● **Data to examine**
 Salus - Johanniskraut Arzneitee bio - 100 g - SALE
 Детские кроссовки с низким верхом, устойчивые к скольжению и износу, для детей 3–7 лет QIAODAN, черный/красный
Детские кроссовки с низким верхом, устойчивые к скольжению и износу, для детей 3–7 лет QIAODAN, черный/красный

...

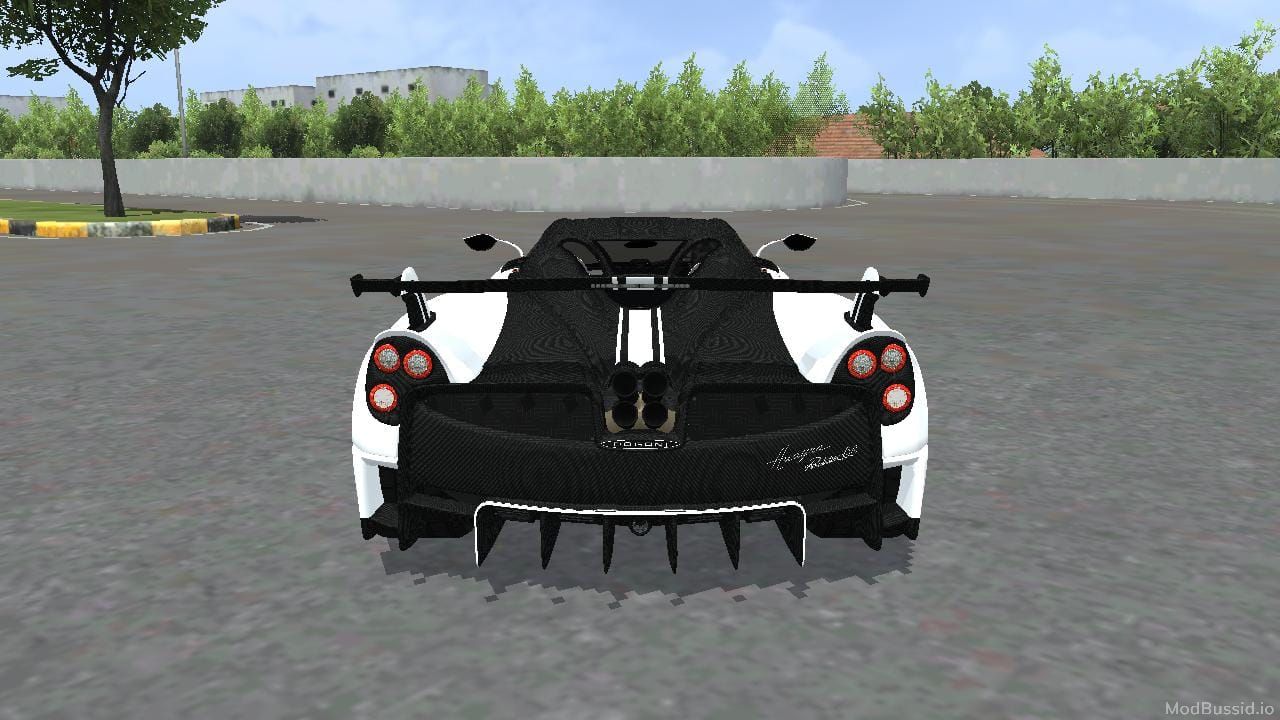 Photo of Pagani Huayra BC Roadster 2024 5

* * *

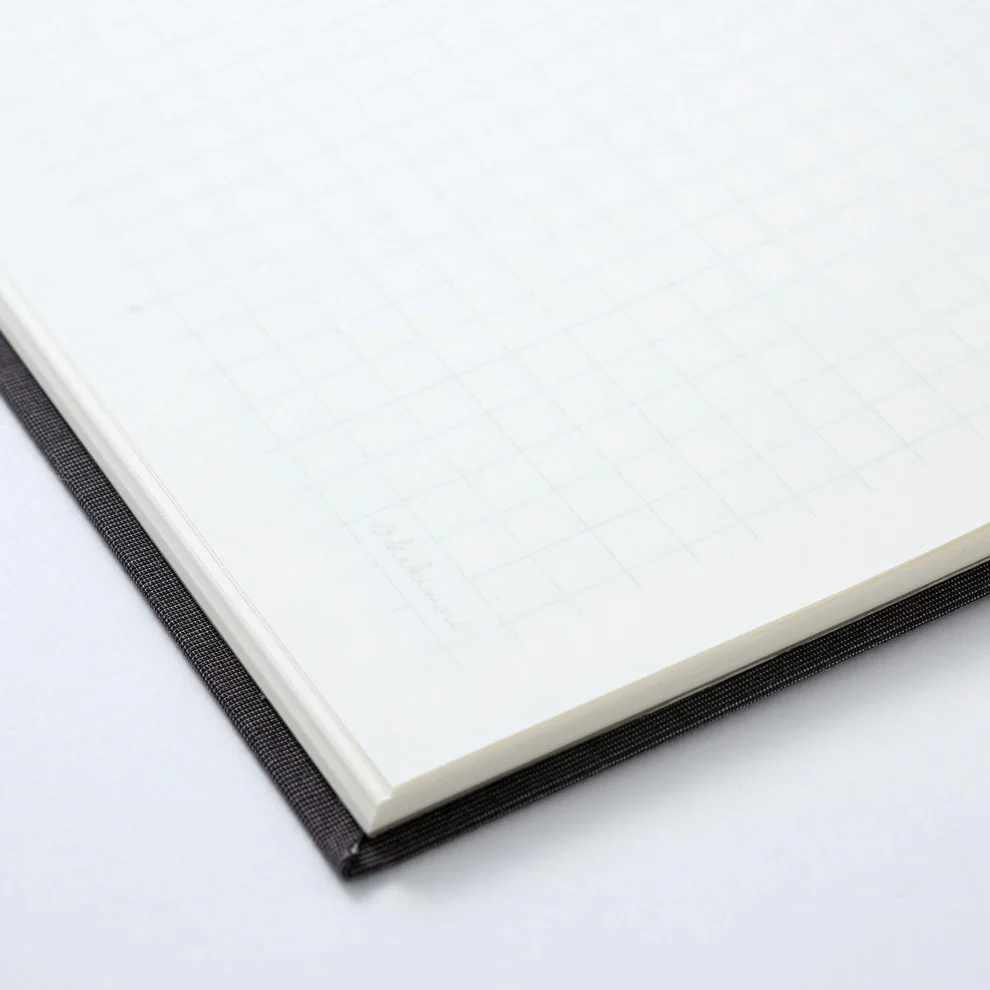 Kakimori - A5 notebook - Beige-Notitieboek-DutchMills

● **About this task**
Copy each line from the data that features the string "красный".

● **Exercise output**
 Детские кроссовки с низким верхом, устойчивые к скольжению и износу, для детей 3–7 лет QIAODAN, черный/красный
Детские кроссовки с низким верхом, устойчивые к скольжению и износу, для детей 3–7 лет QIAODAN, черный/красный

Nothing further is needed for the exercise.